In this case, the following are required: a. Minutes of its competent body on the appointment of the individual and b. the announcement of filing of this appointment with GEMI.
NOTE: In the event that the said decision is not taken within the said deadline, the legal entity is deemed to have resigned from its position as Board member.
- The Chairman of the Board can be appointed by the Articles of Association or the General Meeting.
- In the case of small and micro Societes Anonymes an Administrator is elected and the General Meeting can set out his/her powers.
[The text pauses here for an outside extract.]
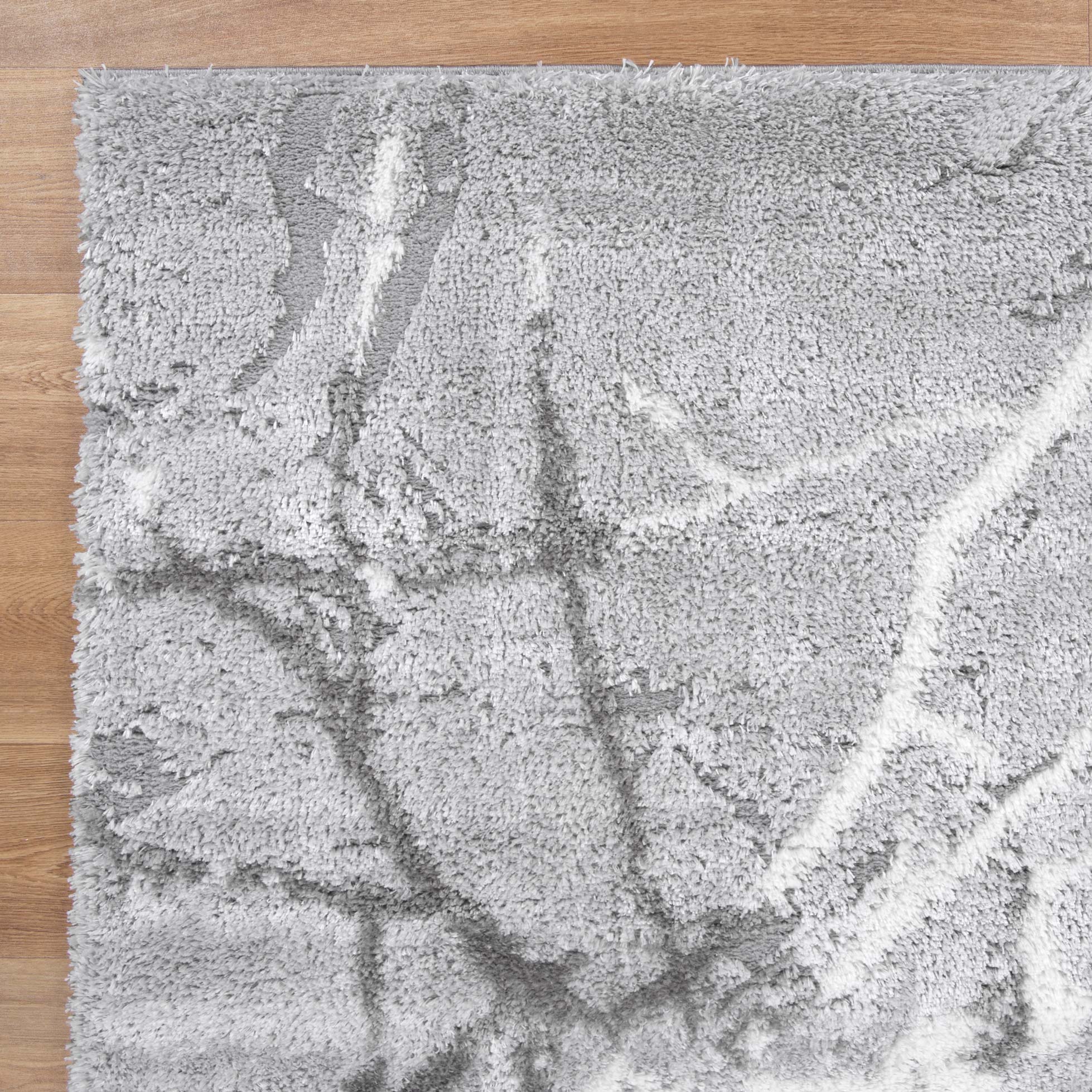 Tender Abstract Silver Shag Rug - Floorsome - Area Rug - TEND12003SILV - Area Rug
3. The minutes of the Board of Directors' Meeting (with reference to the names of the Directors present and of the Directors absent, though invited), duly signed by the relevant officers as per the company's Articles of Association, or a copy digitally signed by GEMI, regarding the Board's constitution into a body and the powers and authorities conferred upon the persons designated to conduct the company’s financial transactions, along with the relevant Government Gazette, or the respective announcement of filing with the competent Registry.
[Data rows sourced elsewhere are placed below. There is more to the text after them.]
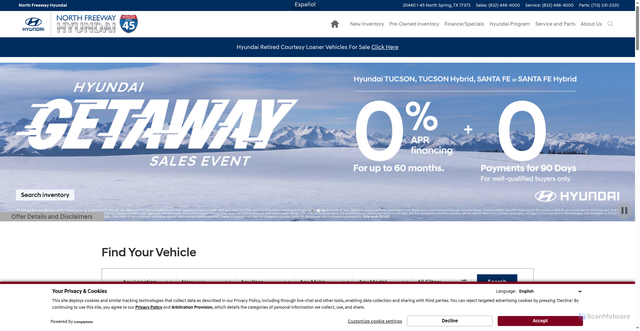 Security scan screenshot of https://www.northfreewayhyundai.com/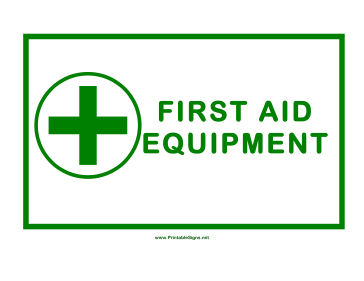 First Aid Equipment Cross Sign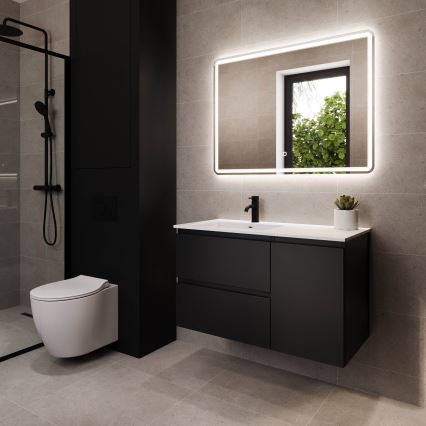 Meuble de salle de bains HELSINKI 95 cm avec lavabo — version gauche, finition noire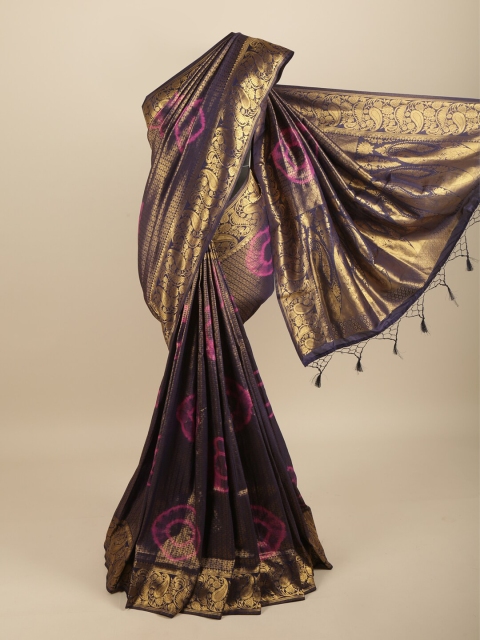 

Pothys Brown & Gold-Toned Bandhani Art Silk Banarasi Saree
- It is recommended that the Board representatives are granted, further to general authorities, the authority to enter into and undertake obligations on behalf of the company as per the relevant Board/General Meeting resolution (when the latter elects an Administrator), stating that the representatives are also authorized to carry out the following: "Open bank accounts; withdraw cash money instruments, dividend coupons and interest coupons; collect money transferred or otherwise due to the company; issue, accept, endorse and pay up bills of exchange, promissory notes and cheques; take delivery of shipping documents; enter into agreements with banks re opening documentary credits; issue letters of guarantee on behalf of the company or any third party, legal or natural person, and addressed to any legal or natural person; collect bills of lading with pledged advance payment; rent safe deposit boxes; enter into loan agreement and provide credit through open account with personal collateral for the increase of the existing credit line and/or secured by mortgages or promissory notes or any pledge whatsoever, and use such credit line (by issuing cheques, transferring funds or withdrawing money) and the safe deposit boxes rented by the company; provide collateral to secure in general claims against the company, on movable or immovable property, i.e. any pledge such as mortgage, prenotation or ship mortgage on the company's ships; supply guarantees on behalf and for the account of the company in favor of any third party, legal or natural person and addressed to any legal or natural person; recover pledged items and discharge letters of guarantee; lease and use safe deposit boxes and terminate such agreements; in general perform any management act. Note that the acts listed hereinabove are indicative and without limitation".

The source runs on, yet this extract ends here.